DATA RECORDS ->
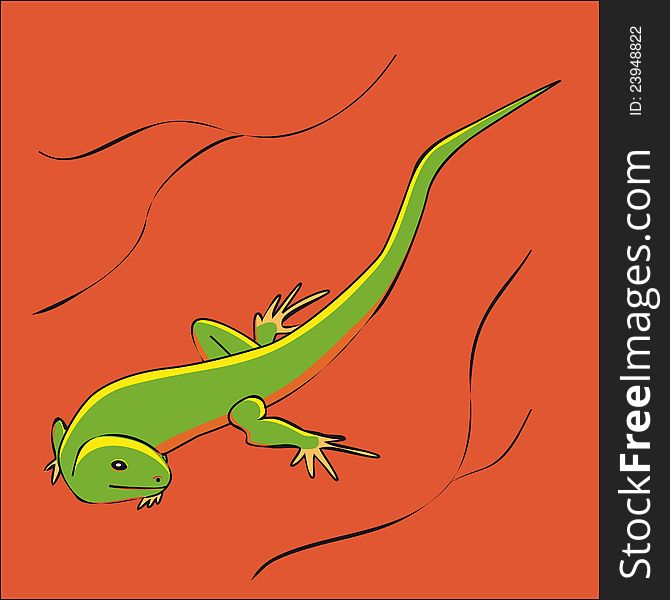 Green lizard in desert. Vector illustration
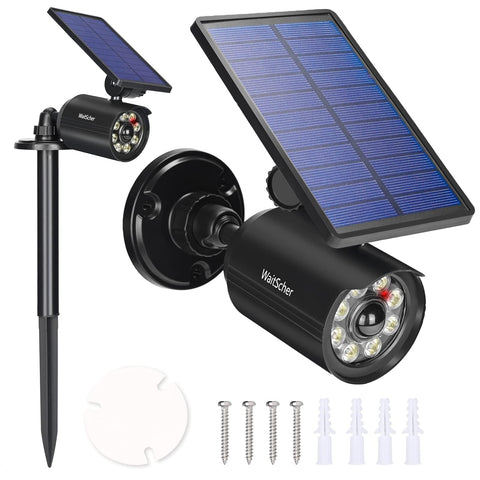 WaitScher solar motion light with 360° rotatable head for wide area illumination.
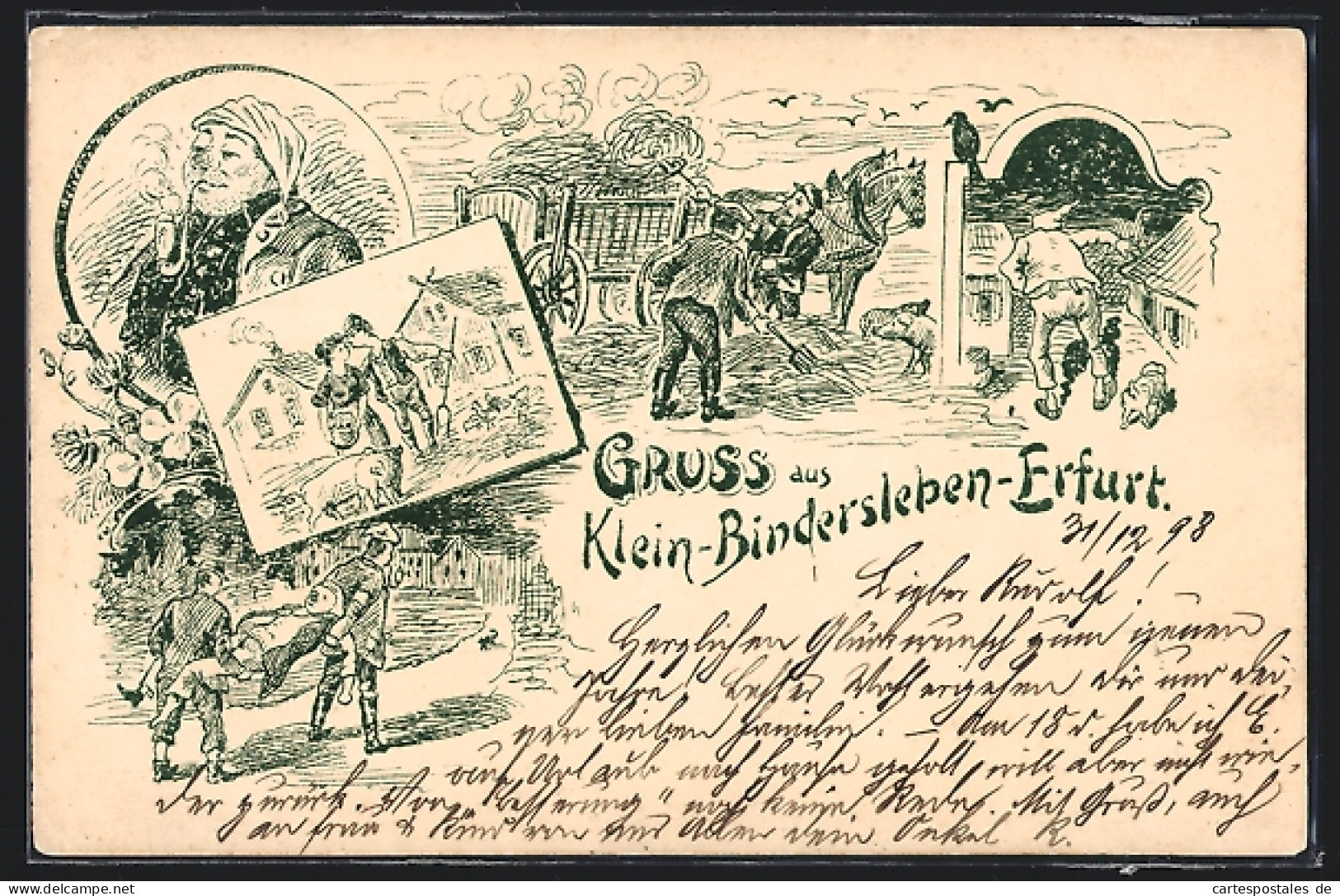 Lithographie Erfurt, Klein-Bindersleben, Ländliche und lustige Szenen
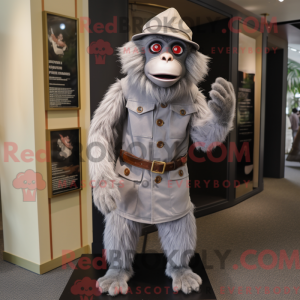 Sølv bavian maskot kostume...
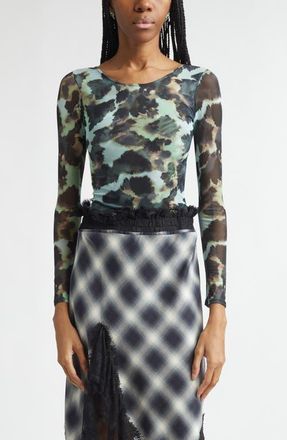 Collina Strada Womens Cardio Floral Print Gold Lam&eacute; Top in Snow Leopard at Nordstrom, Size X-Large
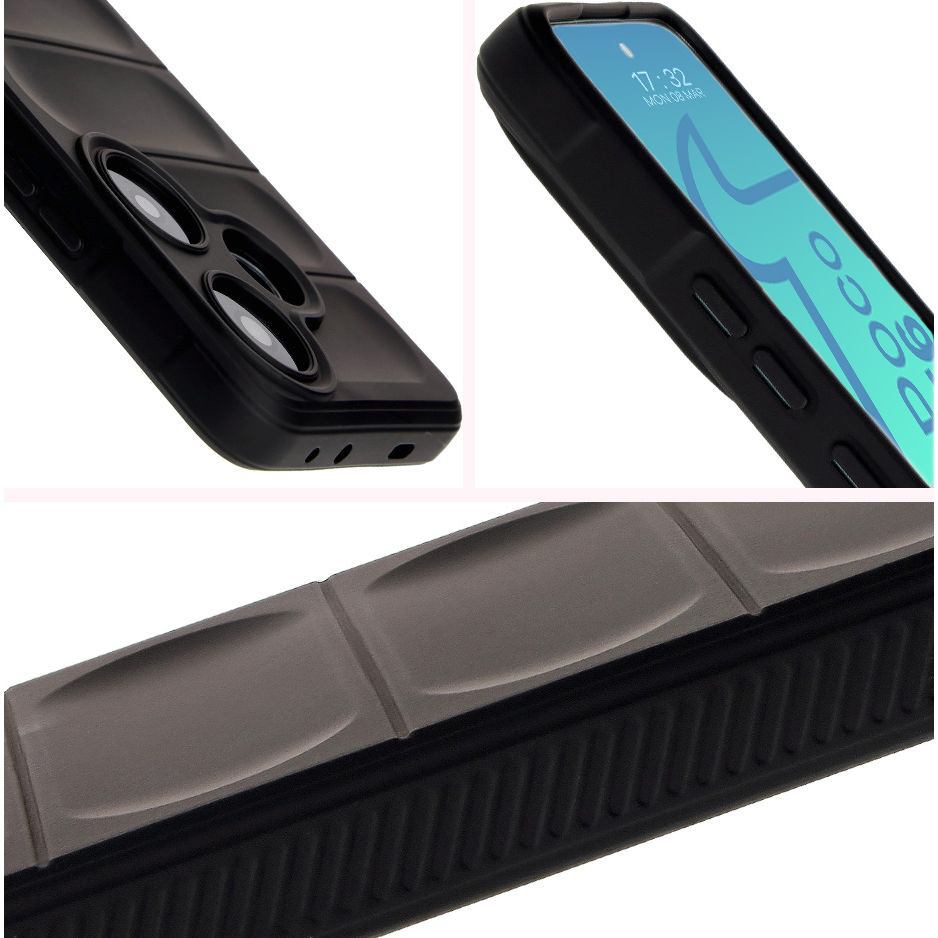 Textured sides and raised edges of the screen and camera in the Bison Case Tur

---

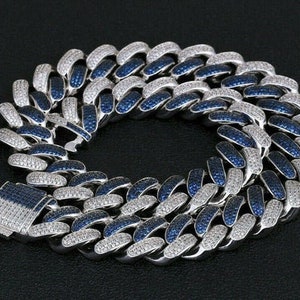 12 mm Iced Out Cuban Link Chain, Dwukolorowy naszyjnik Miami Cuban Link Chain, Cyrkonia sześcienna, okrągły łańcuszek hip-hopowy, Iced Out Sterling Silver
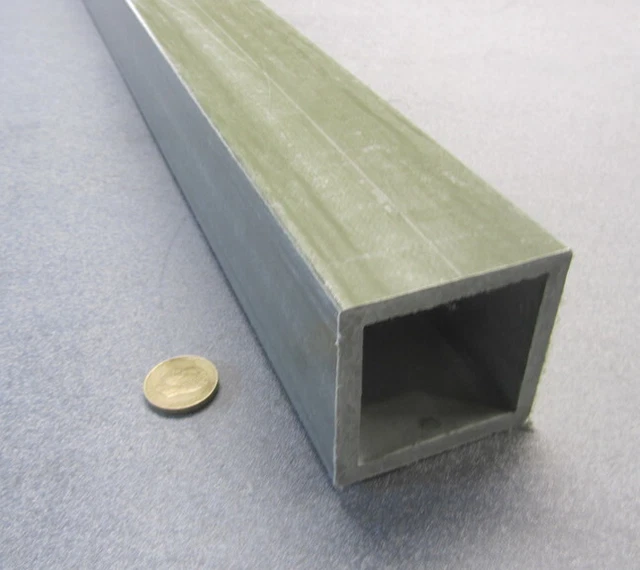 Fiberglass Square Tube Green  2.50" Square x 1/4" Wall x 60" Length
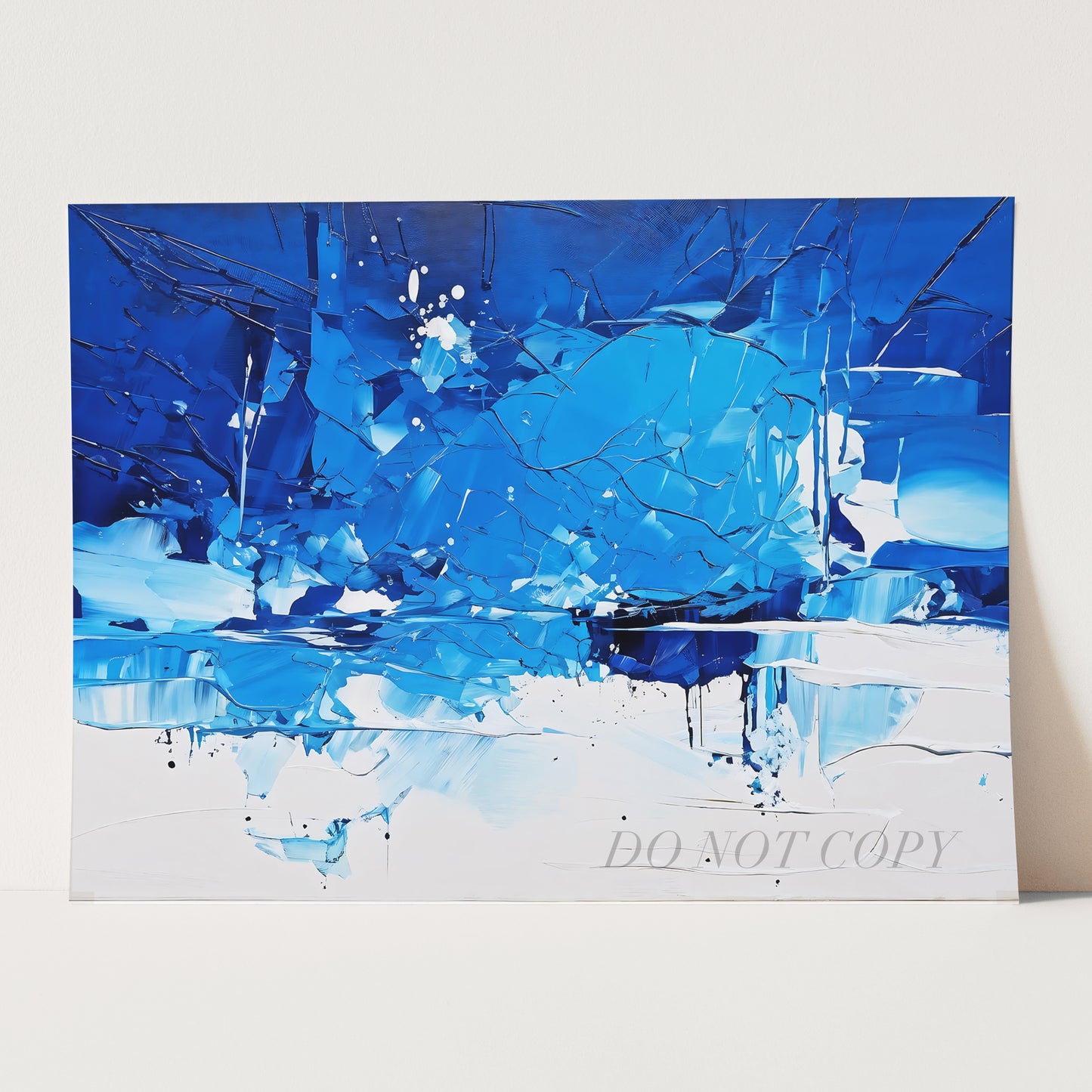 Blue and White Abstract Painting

AIM OF THE TASK ->
Copy the entries above exactly, but only the stretch from the line containing "Sølv bavian maskot kostume..." through the line containing "Textured sides and". Keep both end lines; drop the pictures.

ANSWER TO THE PROBLEM ->
 Sølv bavian maskot kostume...
 Collina Strada Womens Cardio Floral Print Gold Lam&eacute; Top in Snow Leopard at Nordstrom, Size X-Large
 Textured sides and raised edges of the screen and camera in the Bison Case Tur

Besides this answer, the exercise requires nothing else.